Top of Exercise data

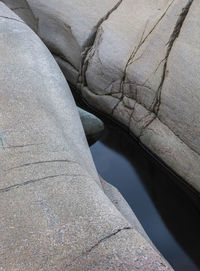 Close-up of lizard on rock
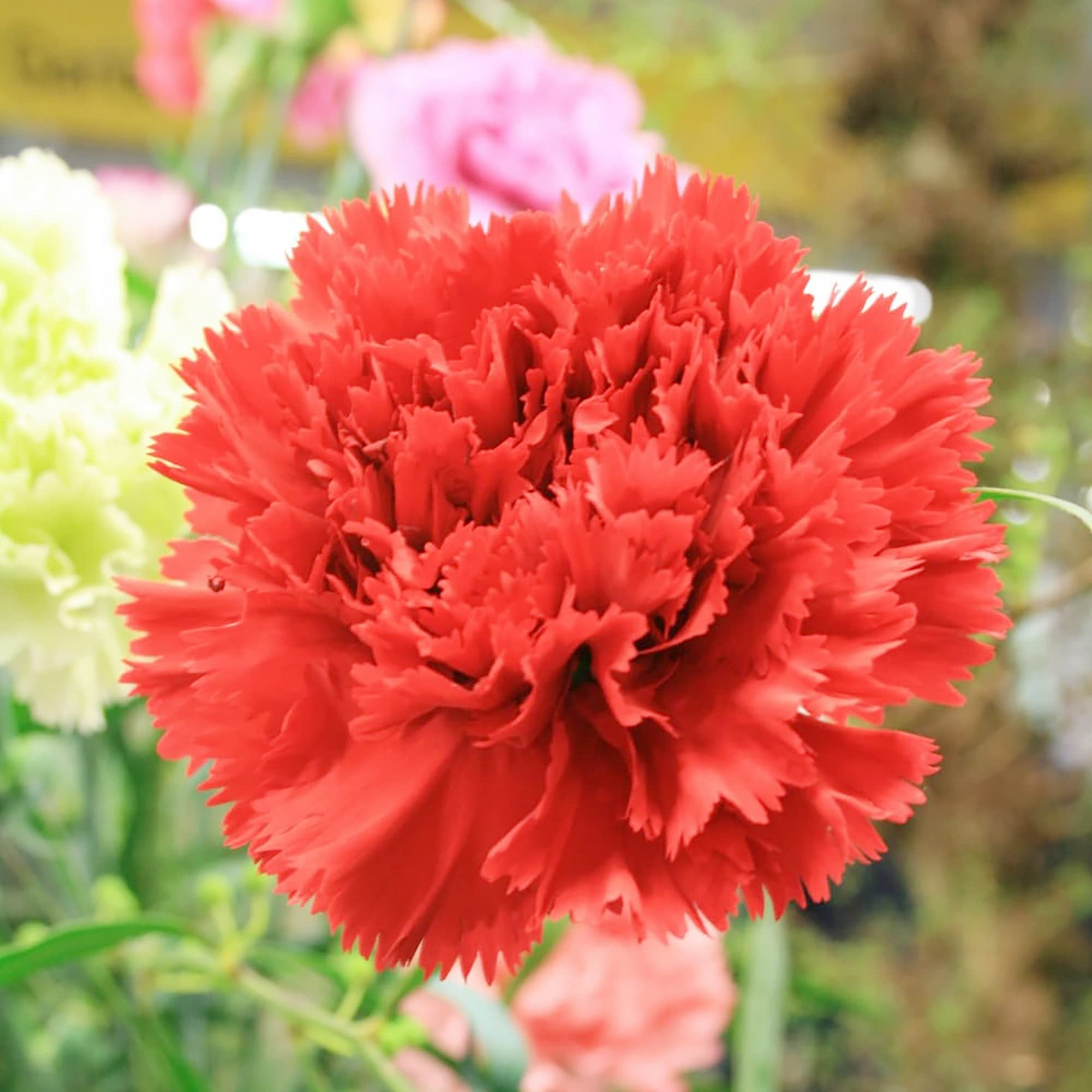 Carnation Etincellant Red Seeds (200 Pack) - Dianthus caryophyllus | Fragrant, Non-GMO, Pollinator-Friendly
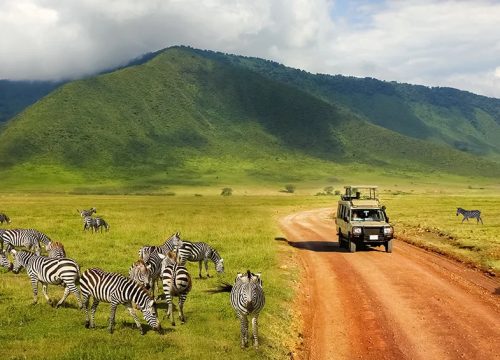 Safari Trips to Kenya for Nature Lovers, Families, and Adventure Seekers
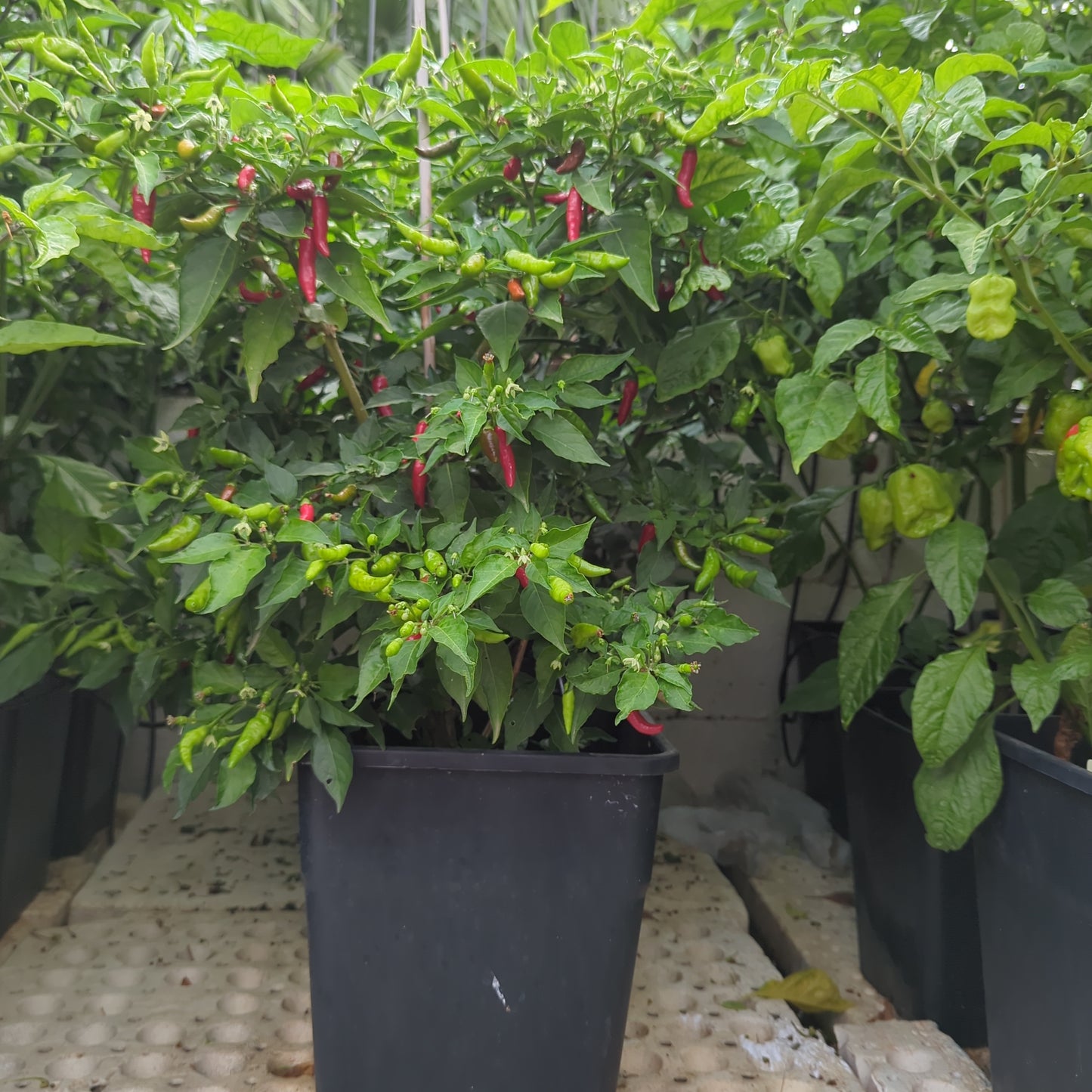 Leviathan Gnarly Scorpion - 10 Chili Seeds
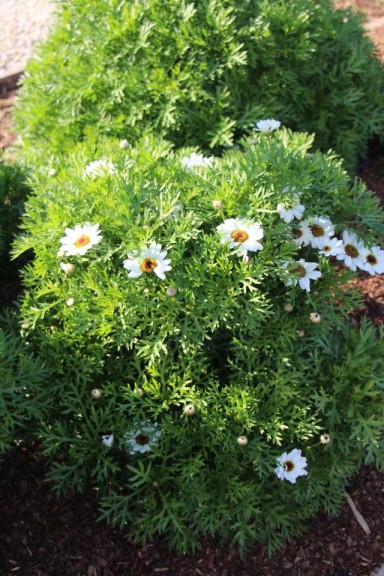 Costa Farms Season Premier 2016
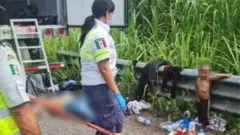 Police and immigration officers inspecting the scene where Wilder was found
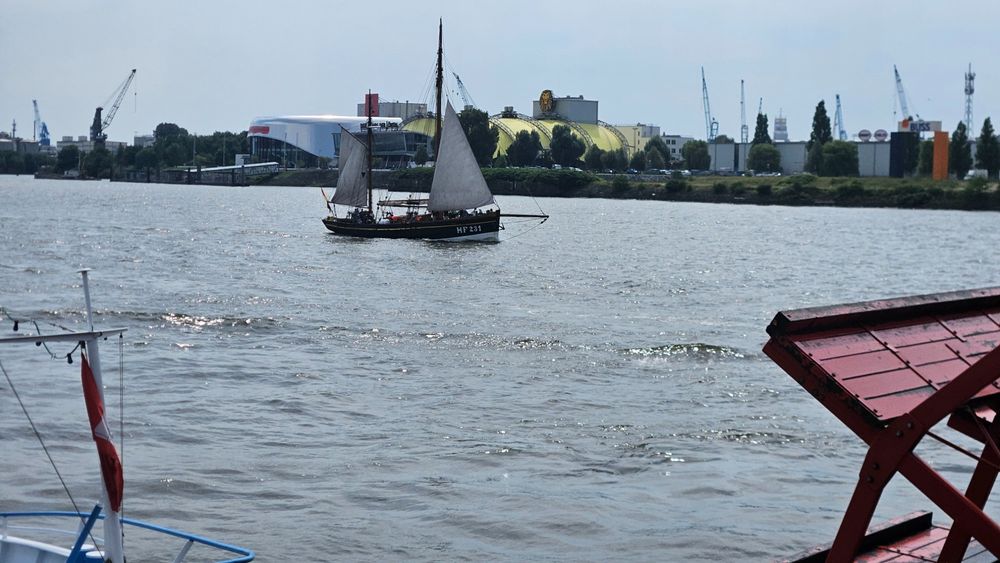 Die Elbe und im Vordergrund ein Traditionsschiff mit Segeln.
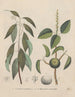 Libro sobre las plantas tóxicas Pl50 - Friedrich Berge — vista de la obra
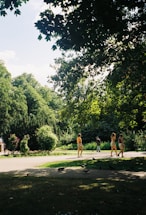 People walk along a sunlit path in a lush, green park surrounded by dense trees and foliage. The area is shaded by overhanging branches, and pigeons are scattered on the grass nearby. The scene appears calm and inviting.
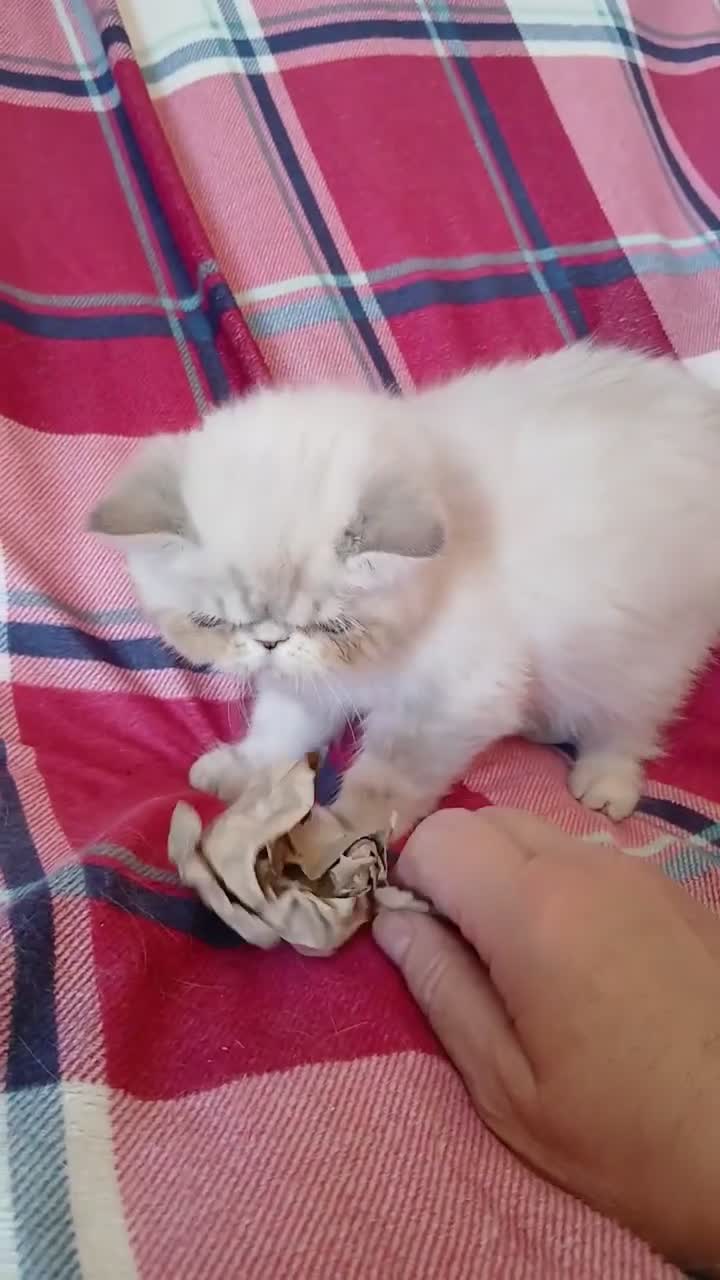 Exotic cats for sale: REDUCED PEDIGREE BABIES in Sheffield - Video 1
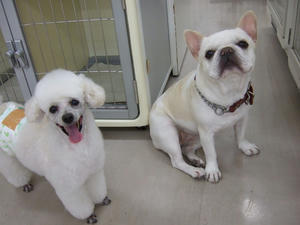 DSCF1541.jpg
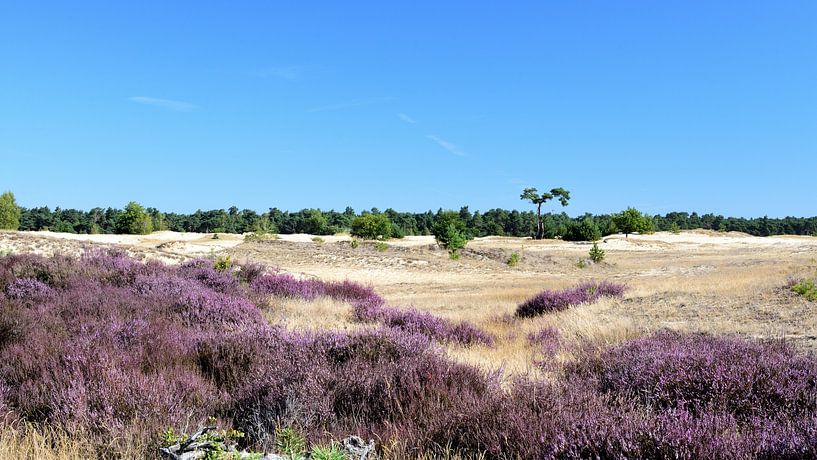 Paarse heide op een zandverstuiving met blauwe lucht van Gerard de Zwaan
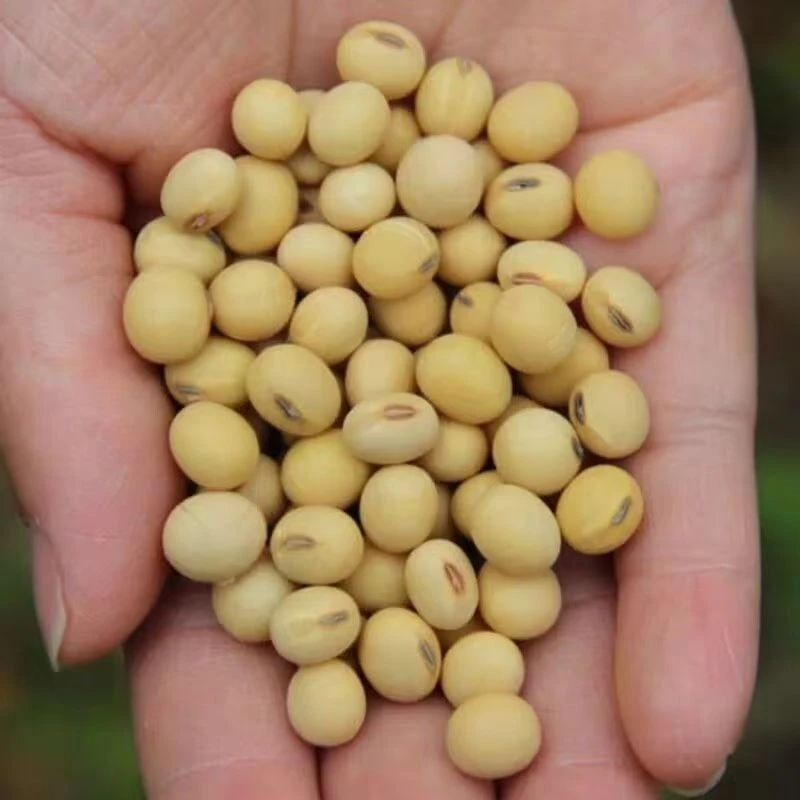【干黄豆 】恩施高山农家干黄豆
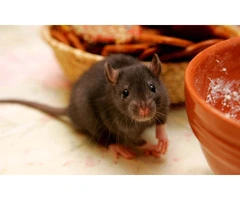 Happy Rodent Control Sydney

Bottom of Exercise data

→ **Requirement**: The lines to restate word for word run from the line that contains "Libro sobre las" through the end of the entries above, both ends included. Leave out all pictures and write nothing else.

→ **Response to this task**:
 Libro sobre las plantas tóxicas Pl50 - Friedrich Berge — vista de la obra
 People walk along a sunlit path in a lush, green park surrounded by dense trees and foliage. The area is shaded by overhanging branches, and pigeons are scattered on the grass nearby. The scene appears calm and inviting.
 Exotic cats for sale: REDUCED PEDIGREE BABIES in Sheffield - Video 1
 DSCF1541.jpg
 Paarse heide op een zandverstuiving met blauwe lucht van Gerard de Zwaan
【干黄豆 】恩施高山农家干黄豆
 Happy Rodent Control Sydney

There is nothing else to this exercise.